Appellant's counsel denied having had the disks coded, or stripped of codes, but at several points also said that after the documents were imaged, she had "additional work done," which was her work product. There was no finding of fact on the issue, although the court later noted that the evidence suggested that they were right. In her brief, appellant writes that at the October 12 hearing, respondents' counsel admitted that the disks had not been stripped of codes. Not so. Respondents' counsel merely represented that counsel for the copy service had taken exception to the word "stripped," and instead said that information was "omitted".

A new issue arose in this period. In a declaration attached to her opposition to the second motion to compel, appellant's counsel admitted that she had redacted portions of documents before they were scanned. This was the first time that respondents realized that there had been redactions.

The court later described this phase of the case thusly: "Significant resources were devoted to determining whether or not the computer discs produced to defendants were viable and thus, in compliance with the court order. Defendant claimed that the scanned materials were intentionally stripped of electronic codes so as to be rendered unusable. This court requested that the parties provide further information about the condition of the discs. At the following hearing, defense counsel provided the declaration of a computer expert who opined that electronic coding had been stripped. . . . Plaintiff provided no expert testimony in contradiction. The court was also provided information suggesting that the copying service was directed to strip the sequencing codes and that billings provided suggested that the majority of the copying costs were shifted to defendant who essentially subsidized plaintiff's counsel's copying for her own purposes. Regardless, this was the unchallenged condition in which the document production was carried out, and because the discs were worthless, no production had occurred."

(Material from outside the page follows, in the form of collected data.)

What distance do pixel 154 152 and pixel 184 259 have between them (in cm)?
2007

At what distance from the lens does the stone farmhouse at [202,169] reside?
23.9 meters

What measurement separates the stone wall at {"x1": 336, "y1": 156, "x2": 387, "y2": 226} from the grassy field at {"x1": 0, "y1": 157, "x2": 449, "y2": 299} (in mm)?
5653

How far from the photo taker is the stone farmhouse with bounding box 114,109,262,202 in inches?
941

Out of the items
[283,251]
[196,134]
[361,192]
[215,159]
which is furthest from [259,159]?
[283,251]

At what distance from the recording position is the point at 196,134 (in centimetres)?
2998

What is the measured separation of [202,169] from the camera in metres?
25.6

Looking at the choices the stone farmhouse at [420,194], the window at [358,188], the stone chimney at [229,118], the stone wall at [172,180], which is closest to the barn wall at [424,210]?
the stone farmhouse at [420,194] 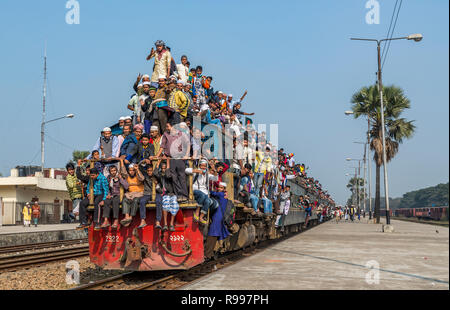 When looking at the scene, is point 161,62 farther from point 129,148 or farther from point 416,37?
point 416,37

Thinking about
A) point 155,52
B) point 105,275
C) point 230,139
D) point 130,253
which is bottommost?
point 105,275

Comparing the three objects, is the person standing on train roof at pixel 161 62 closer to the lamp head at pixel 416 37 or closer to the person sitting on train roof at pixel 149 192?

On October 27, the court denied appellant's motion for a protective order and granted respondents' motion to compel, finding that the documents had not been produced as required by the Code of Civil Procedure and ordering appellant to give respondents' copy service access to the files. The court awarded sanctions in the amount of $5,000 against appellant's counsel, who was also ordered to refund the $6,994.

The privilege log continued to be a problem. At the October 12 hearing, appellant's counsel again represented that there was no need for a privilege log because there were no "responsive, privileged documents." The court cautioned counsel that she could not make unilateral decisions about relevance, and the October 27 order included an order that appellant provide a specific privilege log for redacted documents.

Immediately after the hearing, appellant produced a document which she called a privilege log, but which consisted of objections. As the court later wrote "no redactions were identified and the objections were boilerplate."

Appellant's motion for reconsideration

On November 13, 2006, appellant filed a motion for reconsideration of the October 27 order. The court found that she presented no new law or facts, but "used the motion as a pretext to make impermissible re-argument" and to avoid payment of the sanctions previously ordered.

The court sanctioned appellant's counsel $4,500 for bringing a frivolous, bad faith motion, writing that "Production should have been made in March, however, plaintiff's counsel has managed to delay production for well over half a year. Initially, the court believed that plaintiff's counsel was acting in good faith, however, it has become clear that plaintiff's counsel has an agenda which serves no legitimate purpose in litigation."

Appellant filed a notice of appeal of this order, the earlier sanctions order, and the order that she refund the $6,994 to respondents. We dismissed the appeal insofar as it concerned the two sanctions orders, because sanctions orders for amounts less than $5,000 are not appealable. (Code Civ. Proc., § 904.1.) Appellant ultimately moved to dismiss the rest of the appeal, a motion which we granted.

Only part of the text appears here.